NF-κB reporter assay
The NF-κB reporter assay was conducted as described previously [16, 17]. Briefly, RAW-Blue cells (105 cells per 0.5 ml medium) were treated for 0.5 h with 12.5 μg/ml, 25 μg/ml, 50 μg/ml or 100 μg/ml Fraction F, followed by incubated with or without 1 μg/ml LPS for 24 h. The harvested medium (20 μl) was mixed with 200 μl QUANTI-Blue medium in 96-well plates and incubated at 37 °C for 2 h. SEAP activity was measured at 655 nm in an ELISA microplate reader (Bio-Tek Instruments, Winooski, VT, USA).
ELISA assay
RAW264.7 macrophages (105 cells per 0.5 ml medium) were treated for 0.5 h with tested sample, followed by incubation with or without 1 μg/ml LPS for 24 h. The levels of TNF-α and IL-6 in the culture medium were measured by ELISA according to the manufacturer’s protocol. Briefly, the 96-well microplates were coated overnight with anti-TNF-α or anti-IL-6 antibody, blocked with 1% (v/v) bovine serum albumin (BSA) in PBS, and washed repeatedly.

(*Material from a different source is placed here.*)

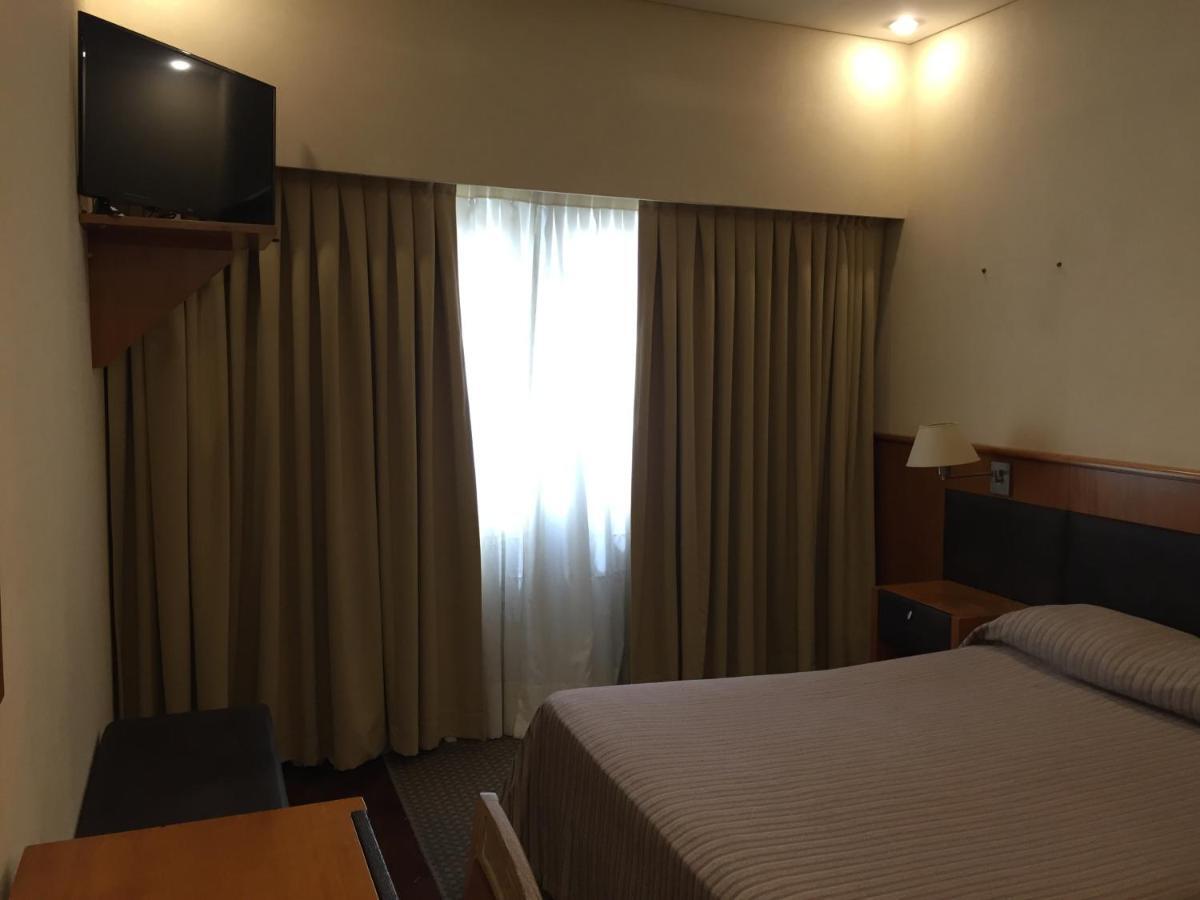 Hotel Napoleon Buenos Aires Esterno foto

Samples or standards (100 μl) were added to the microplates, incubated at room temperature for 2 h, washed repeatedly, incubated for 2 h with biotin-conjugated detection antibody, and incubated for 30 min with 100 μl streptavidin-horseradish peroxidase (HRP) plus substrate for signal development. Then 100 μl stop solution was added to each well and the OD450 were measured in an ELISA microplate reader (Bio-Tek Instruments, Winooski, VT, USA) [16, 17].
Statistical analysis
Data were expressed as means ± standard deviation (SD) of triplicate samples. Each experiment was repeated at least three times to confirm reproducibility. Multiple groups were analyzed with one-way analysis of variance (ANOVA), followed by a post hoc Student-Newman-Keuls test. Differences among treatment means were considered statistically significant when P < 0.05.